The stock market has one bullish factor to lean on heading into 2023, and it could help drive a 16% rally next year, Bank of America says

Despite the overwhelmingly bearish stock market commentary towards 2023, there is still one factor that could drive upside.Bank of America’s bull case scenario sees the S&P 500 surging 16% to 4,600 by the end of 2023.“Wall Street is bearish, which is bullish,” BofA’s Savita Subramanian said in her 2023 outlook.

Wall Street’s attitude towards the stock market in 2023 is overwhelmingly bearish, but that could ultimately be a bullish factor that drives a turnaround in stock prices, according to Bank of America.

A number of equity strategists from Morgan Stanley, Bank of America, and Deutsche Bank have all suggested that the S&P 500 could fall to as low as 3,000 sometime next year, representing a potential decline of about 26% from current levels.

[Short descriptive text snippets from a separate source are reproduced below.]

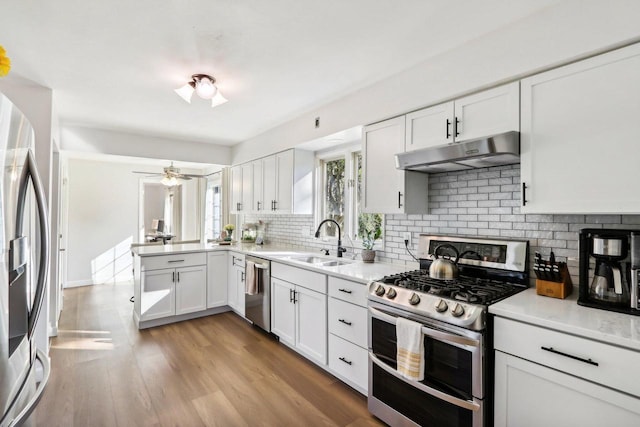 kitchen featuring sink, white cabinetry, light wood-type flooring, stainless steel appliances, and backsplash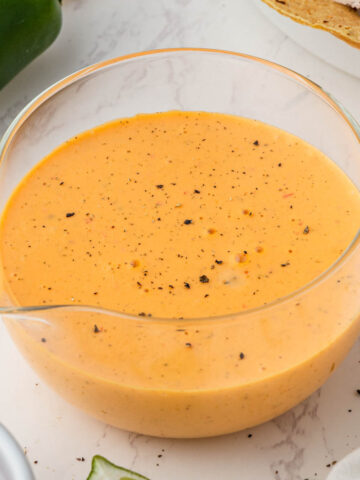 overhead view of Taco Bell Baja Sauce Recipe in glass serving bowl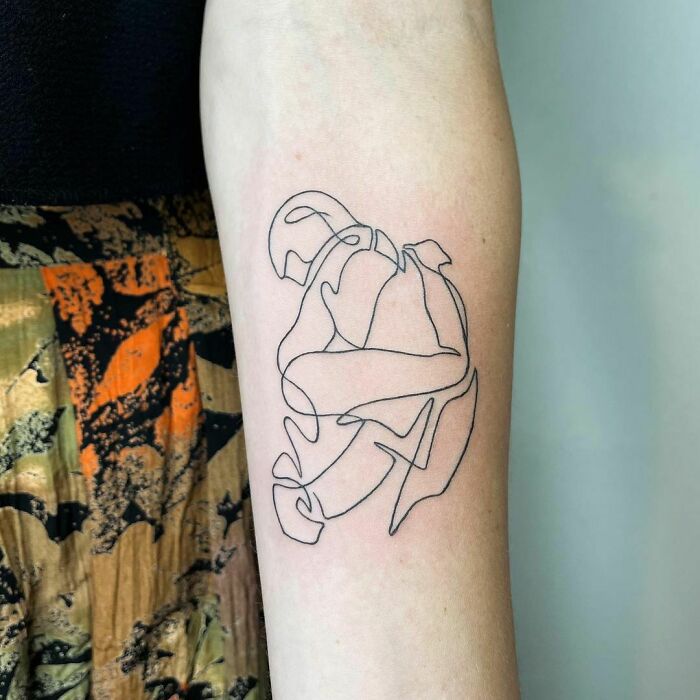 Single-line tattoo on forearm, showcasing a minimalist and fine-line art design.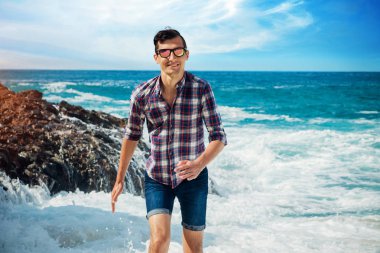 Genç adam uzak dalgalar kumsalda çalışır.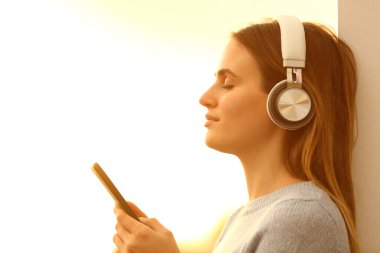 Kapalı gözlü, müzik dinleyen, kulaklık takan ve günbatımında akıllı bir telefon tutan rahat bir kızın portresi.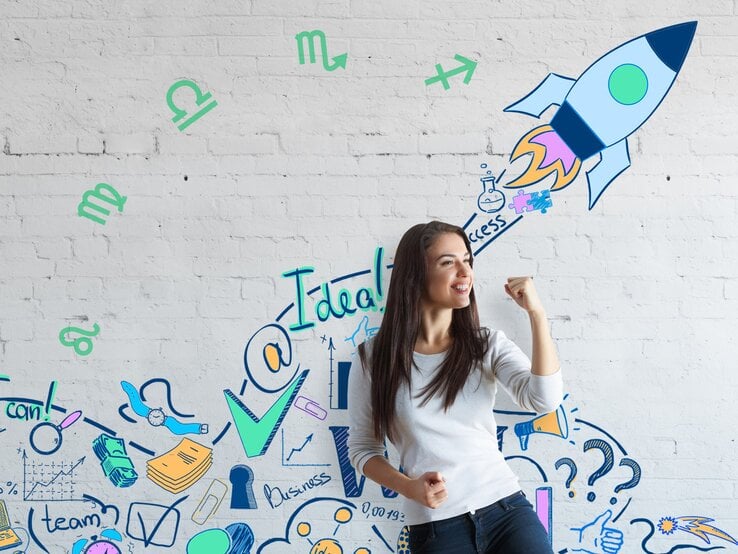 Eine junge Frau in einem weißen Pullover steht vor einer weißen Ziegelmauer und hebt triumphierend die Faust. Um sie herum sind verschiedene bunte Zeichnungen, die kreative Ideen, Erfolg und Geschäftssymbole wie eine Rakete, ein Häkchen, ein Wissenschaftssymbol und Geldscheine darstellen. Außerdem sind astrologische Symbole an der Wand zu sehen.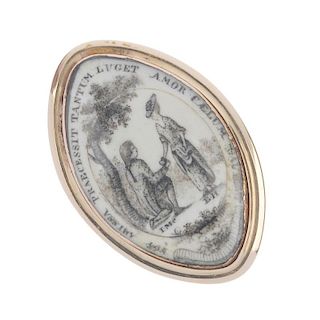 A mid 19th century memorial ring. Of marquise-shape outline, the white background with painted scene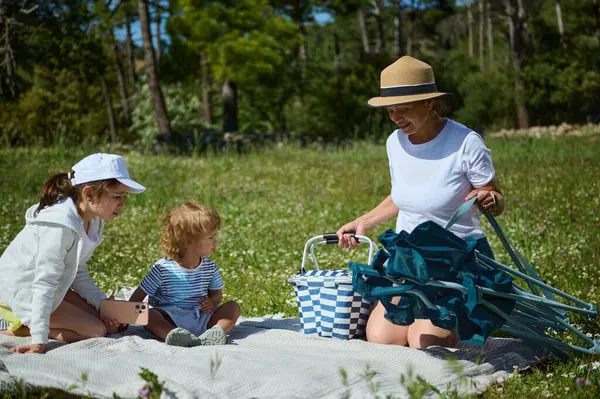 Çocuklarla dolu bir aile güneşli bir günde, yemyeşil ağaçlarla çevrili bir arazide piknik yapıyor, doğal ortamının tadını çıkarıyor..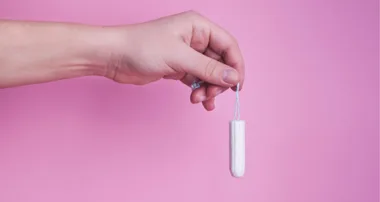 A hand holding a white tampon with a string, set against a pink background.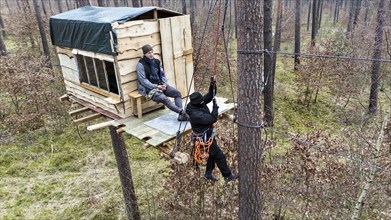 A climate activist pulls herself up a rope to a tree house in the Gruenheide forest. The activist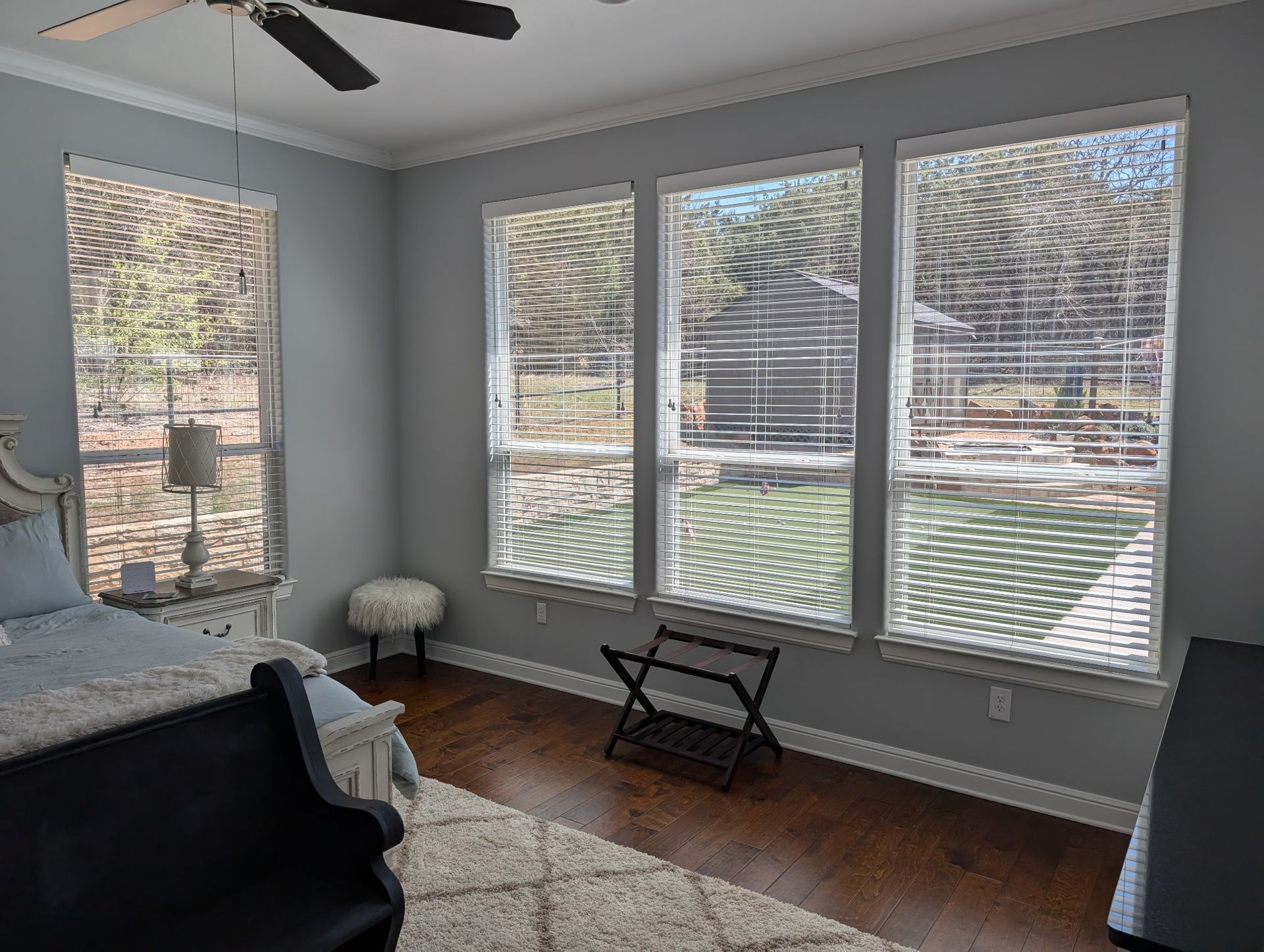 Bedroom with windows and wood floors. Blinds partially cover the windows, showing a yard.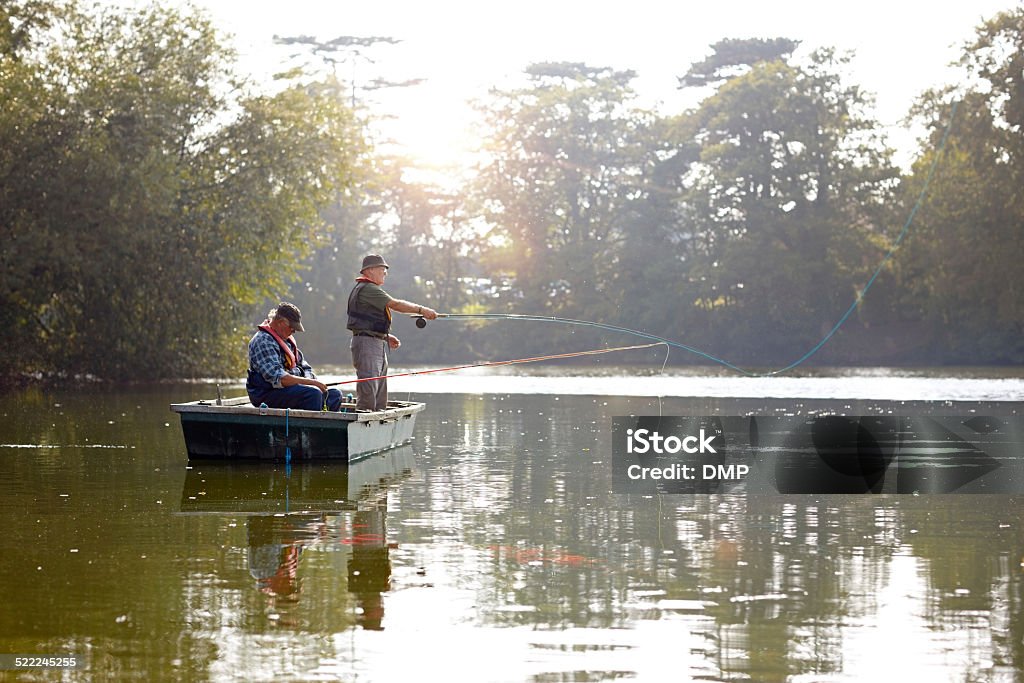 Two senior men in a boat fishing Two senior men in a boat fly fishing on a sunny day Fishing Stock Photo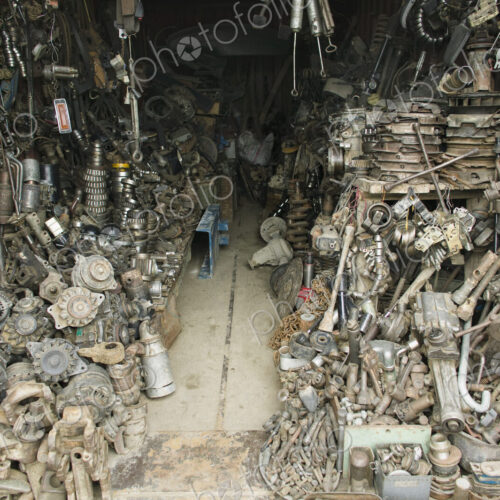 An Auto Parts store. A small workshop heaped up with spare car parts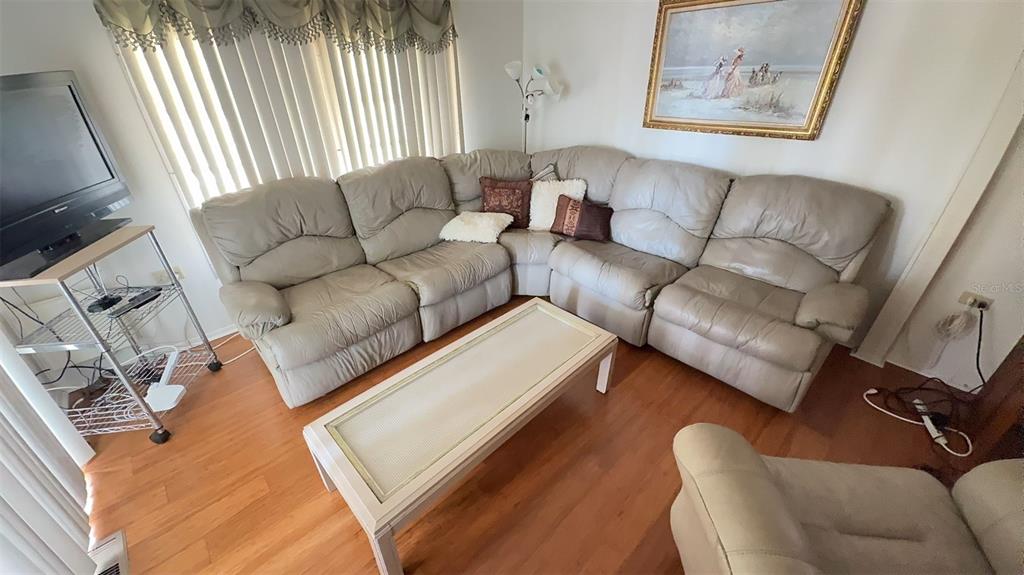 4851 West Gandy Boulevard, Unit B5L5 Tampa, FL 33611 - Photo 12 of 46 a living room with furniture and a couch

Even Bank of America equity strategist Savita Subramanian said in her 2023 outlook that the base case is a flat year of returns, as investors grapple with a likely economic recession, stubbornly high inflation, and liquidity risks from the Federal Reserve’s balance sheet reduction policy. 

But in Subramanian’s bull case scenario for 2023, the S&P 500 could surge 13% to 4,600 on the idea that Wall Street is way too bearish.

“Wall Street is bearish, which is bullish,” she said, pointing to BofA’s Sell Side sentiment indicator that is close to flashing a buy signal. BofA’s proprietary indicator measures sentiment across a group of Wall Street equity strategists, and it has a strong track record of marking a top or bottom for stocks.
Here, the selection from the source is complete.